System requirements
Functional:
- Create short URL
- Read the short URL and redirect to complete URL
- Collect metrics for each short-url created
Non-Functional:
- Unique Short code generated by base62 algo
- In-memory low-latency to cache short URLs
- Short-URL is persistent async, returning the code to be used as-soon-as-possible
- Use load-balancer to scale through multiple instances, adding high availability once instances reach a max load
- Use a gateway-api to to rate-limit clients before hitting backend
API design
- POST /short-url -> responsible to create the short-URL, sync request
- GET /:code -> read the short-url created before and returns/redirect to the complete URL
- GET /statistics/:code -> provide statistics report by short-URL code (how many access, ...)
High-level design
- Create endpoint generates a unique short-code and returns it as-soon-as-possible, save on redis, key as code and complete-url as value. We use a Redis INCR command as seed to produce unique global codes.
- Creation process works in background via queues to write on database in batches.
- Latest created short-URL as saved on cache, the key is based
- Read endpoint access Redis cache first, using the idempotent key. If cache miss, then go to database
Detailed component design
- code-generator-service: used in the create url flow. Generates a unique code, save on redis and return 202 status code with short url.

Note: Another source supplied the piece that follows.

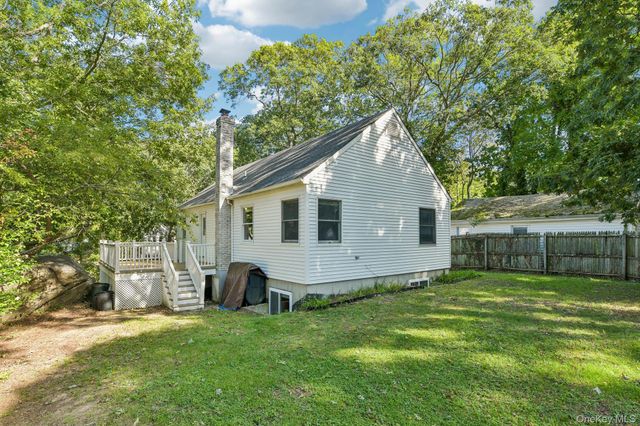 417 Echo Avenue, Sound Beach, NY 11789
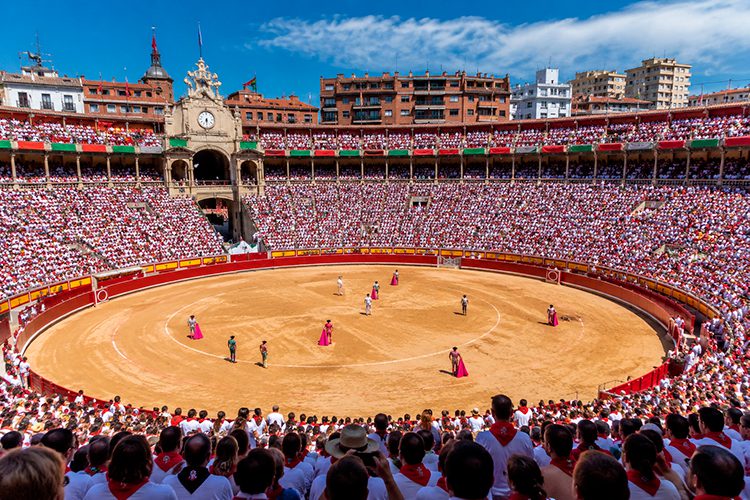 Corrida de toros en San Fermín con la plaza de Pamplona llena de público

- url-writer-service: listen pubsub topic, pull messages in batch and write on postgres in batches
- url-query-service: read from redis based on code, if cache miss, fetch data from replica postgres database written by url-writer-service
Database design
Postgres database to provide long-term history of short-url:
- Table short_urls
- id int sequential (PK)
- full_url text not null
- code varchar (20) not null -> index btree
- reference_id varchar (50) -> unique idempotency key
- expires_at datetime nullable -> used to ignore on expired read
- created_at
Postgres database to provide complete report history:
- Table urls
- id int sequential (PK)
- code varchar (20) not null -> index btree
- read_count bigint default 0
- created_at